# Training a Recurrent Neural Network (RNN) with Gluon

# Lab Objectives

1. End to end process of training a deep learning model
2. Text data processing - Tokenization, clipping, vocabulary indexes, embedding 
3. Recurrent Neural Network (RNN) with MXNet Gluon
4. Inference on text data with MXNet Gluon

# Step 1 - Problem definition

1. Given an input text, ex: "I love my mother", predict an EMOJI, ex: ❤️
2. In this problem, we restrict our setting to predict one of **5 EMOJIs**:
    * sad - 😞
    * love - ❤️
    * happy - 😄
    * fork & knife - 🍴
    * baseball - ⚾
3. This is a `Text Classification` problem.

## Prerequisites

In [1]:
# Uncomment the following lines if matplotlib and emoji is not installed.
# !pip install matplotlib
# !pip install emoji

# Uncomment the following lines if gluon-nlp, spacy is not installed.
# !pip install gluon-nlp
# !pip install spacy -U --quiet
# !python -m spacy download en

# Import required modules from MXNet and other dependencies

In [2]:
import warnings
warnings.filterwarnings('ignore')

import csv
import emoji
import random
import time
import multiprocessing as mp
import numpy as np

import mxnet as mx
from mxnet import nd, gluon, autograd

import gluonnlp as nlp

random.seed(123)
np.random.seed(123)
mx.random.seed(123)

In [3]:
# Set MXNet Context. Use mx.cpu() for CPU. Use mx.gpu(0) for 1 GPU
context = mx.cpu() #mx.gpu(0)

# Step 2 - Load Pretrained wikitext-2 Language Model

We use a pretrained model on wikitext-2 dataset [6]. Specifically, we use Vocabulary, Language Model i.e., Embeddings and Encodings (LSTM weights) based on wikitext-2 dataset.

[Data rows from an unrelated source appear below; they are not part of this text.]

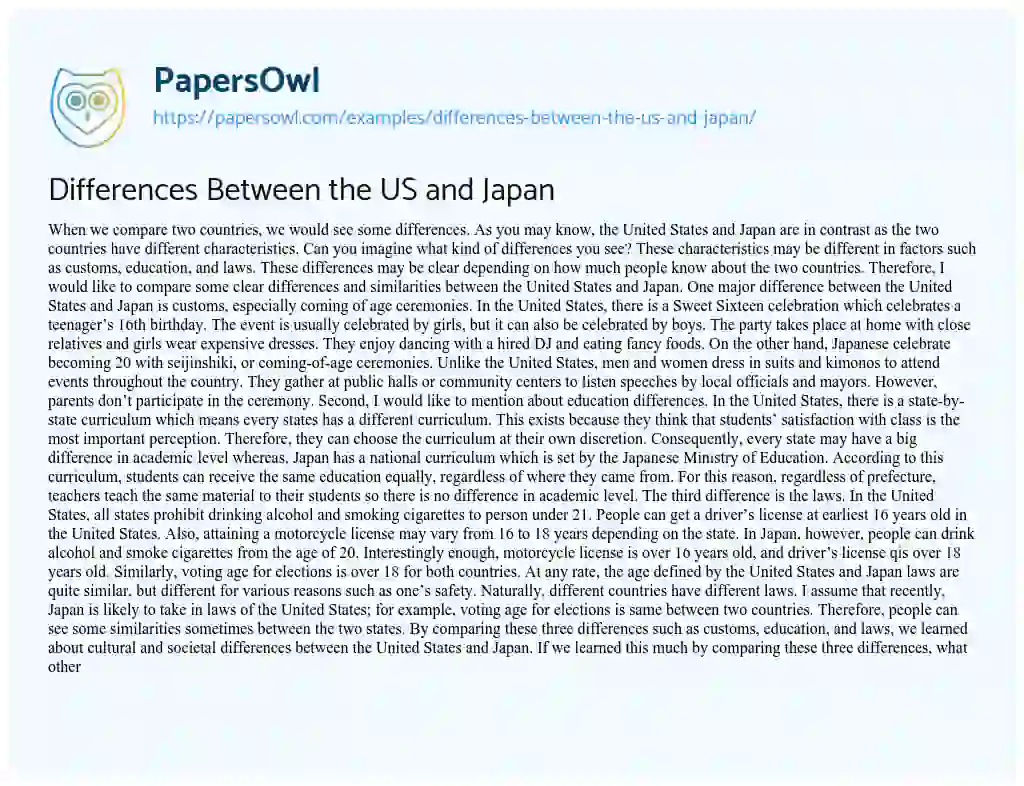 Essay on Differences between the US and Japan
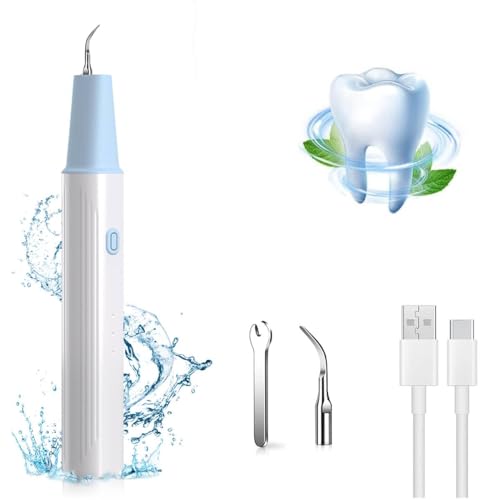 HANNEA® Ultrasonic Plaque Remover Electric Tartar Remover with LED, 3 Working Modes, Cordless Electric Plaque Remover with 2 Bits and Oral Mirror, Remove Teeth Stain Tartar Plaque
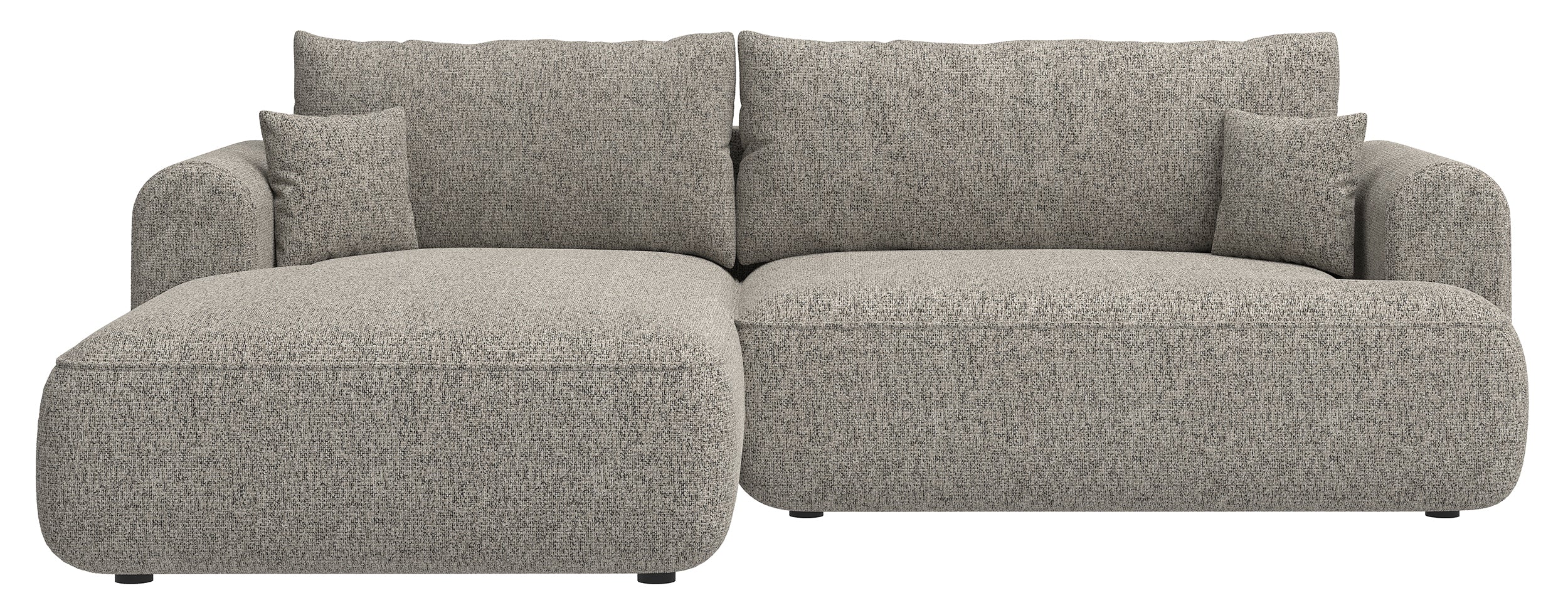 Ecksofa mit Schlaffunktion Ovo, L-förmig, dunkelbeige Flechtoptik, linksseitig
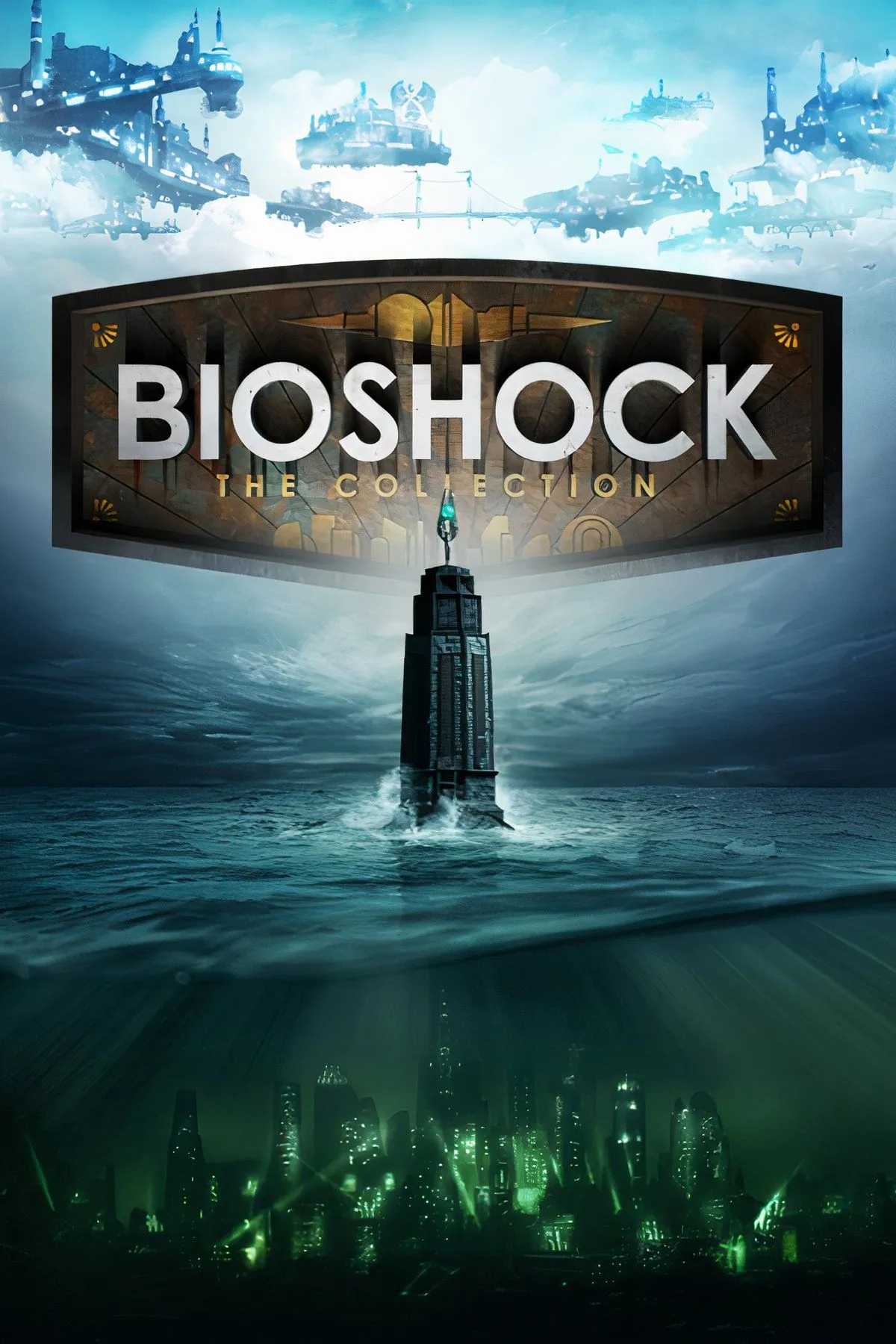 Big Daddy và Little Sister trong thành phố Rapture dưới nước của BioShock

**Intuition:** Using pretrained language model weights is a common approach for semi-supervised learning in NLP. In order to do a good job with large language modeling on a large corpus of text, our model must learn representations that contain information about the structure of natural language. Intuitively, by starting with these good features, vs random features, we’re able to converge faster upon a good model for our downsteam task.

In [4]:
language_model_name = 'standard_lstm_lm_200'

In [5]:
lm_model, vocab = nlp.model.get_model(name=language_model_name,
                                      dataset_name='wikitext-2',
                                      pretrained=True,
                                      ctx=context,
                                      dropout=0)

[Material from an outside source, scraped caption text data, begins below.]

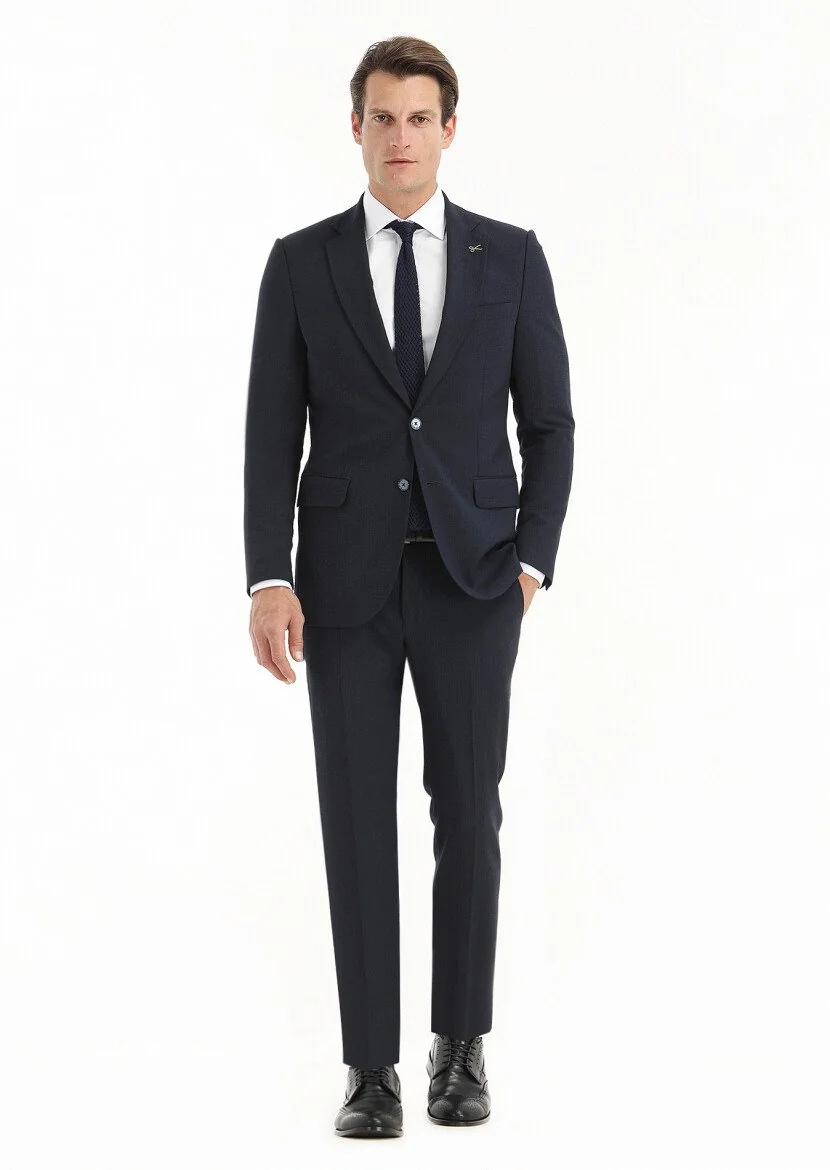 Koyu Lacivert Çizgili Thin&taller Slim Fit Yün Karışımlı Takım Elbise - 1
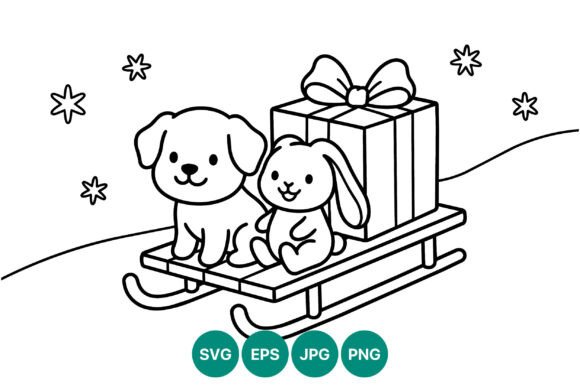 Dog Bunny Sled Gift Line Art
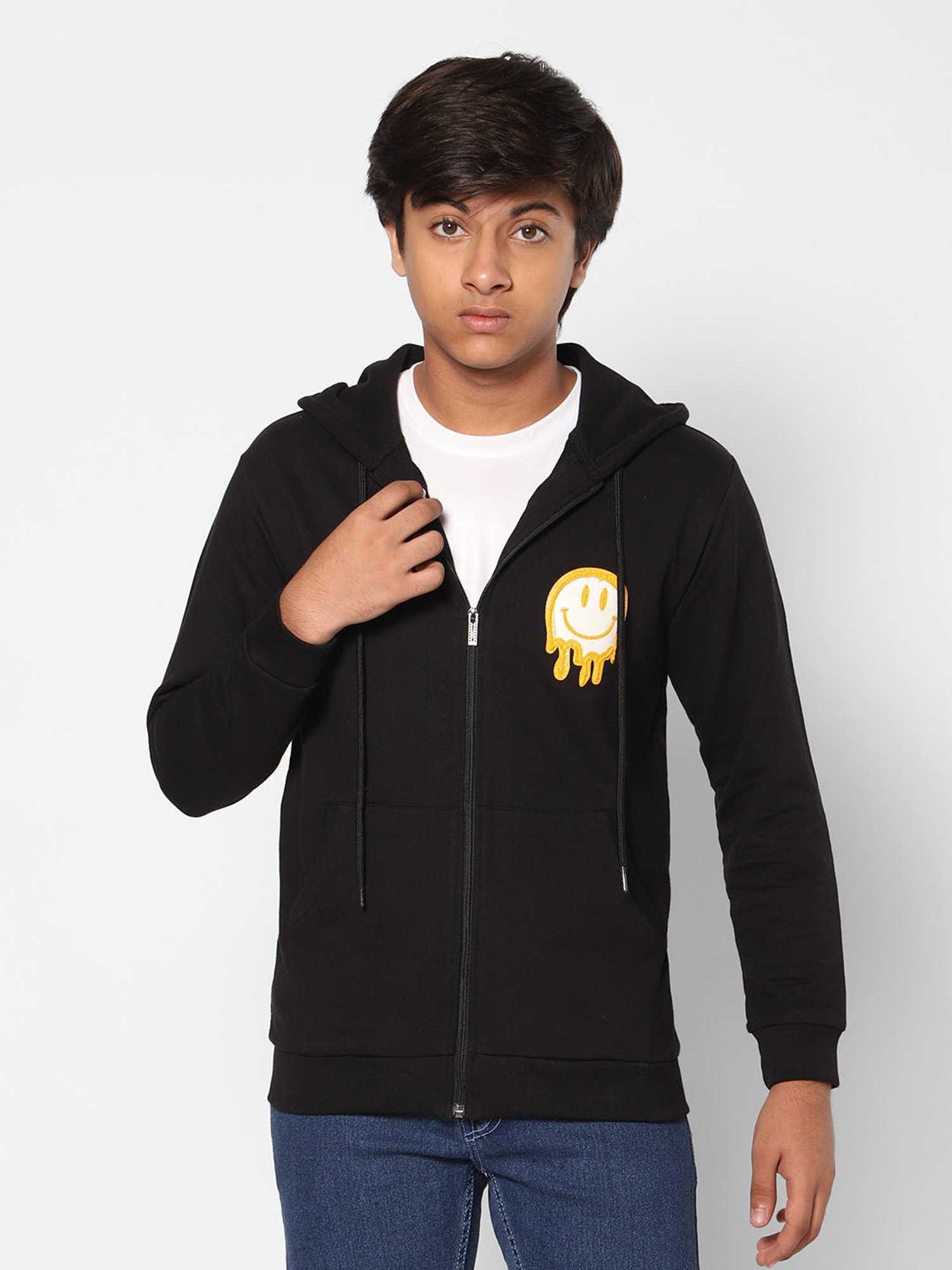 TeenTrums Boys Black Printed Full Sleeves Hoodie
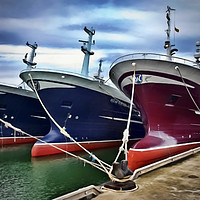 Buy canvas prints of Scottish Trawlers in Port by Andy Anderson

# Step 3 - Data collection and data preparation

## 3.1 Data collection

* Load Emojify dataset
* This is a tiny dataset (X, Y) where:
       * X contains 127 sentences (strings) 
       * Y contains a integer label between 0 and 4 corresponding to an emoji for each sentence

    ![Emoji Dataset](../assets/emoji_data_set.png)

In [6]:
def read_csv(filename):
    """Utility to read CSV data from given filename
    """
    phrase = []
    emoji = []

    with open (filename) as csvDataFile:
        csvReader = csv.reader(csvDataFile)

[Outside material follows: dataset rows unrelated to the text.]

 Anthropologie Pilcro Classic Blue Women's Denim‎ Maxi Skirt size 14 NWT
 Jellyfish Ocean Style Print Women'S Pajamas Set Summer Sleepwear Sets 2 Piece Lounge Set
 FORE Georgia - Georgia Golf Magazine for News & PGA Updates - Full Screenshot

        for row in csvReader:
            phrase.append(row[0])
            emoji.append(row[1])
    return phrase, emoji

In [8]:
X_train, Y_train = read_csv('./data/train_emoji.csv')
X_test, Y_test = read_csv('./data/test_emoji.csv')

In [9]:
train_dataset = mx.gluon.data.dataset.ArrayDataset(X_train, Y_train)
test_dataset = mx.gluon.data.dataset.ArrayDataset(X_test, Y_test)

In [10]:
emoji_dictionary = {"0": "\u2764\uFE0F",    # :heart: prints a black instead of red heart depending on the font
                    "1": ":baseball:",
                    "2": ":smile:",
                    "3": ":disappointed:",
                    "4": ":fork_and_knife:"}

def label_to_emoji(label):
    """ Converts a label (int or string) into the corresponding emoji code (string) ready to be printed
    """
    return emoji.emojize(emoji_dictionary[str(label)], use_aliases=True)

## 3.2 Process data and prepare dataset

* Tokenize using spaCy- Extract words, punctuation marks from review text
* Convert each token to an index in the vocabulary. Vocabulary is obtained from wikitext2
* Prepare data iterators that can iterate on training and test data

In [14]:
# Use spaCy English (en) tokenizer on input sentences to get tokens(words and punctuation marks)
tokenizer = nlp.data.SpacyTokenizer('en')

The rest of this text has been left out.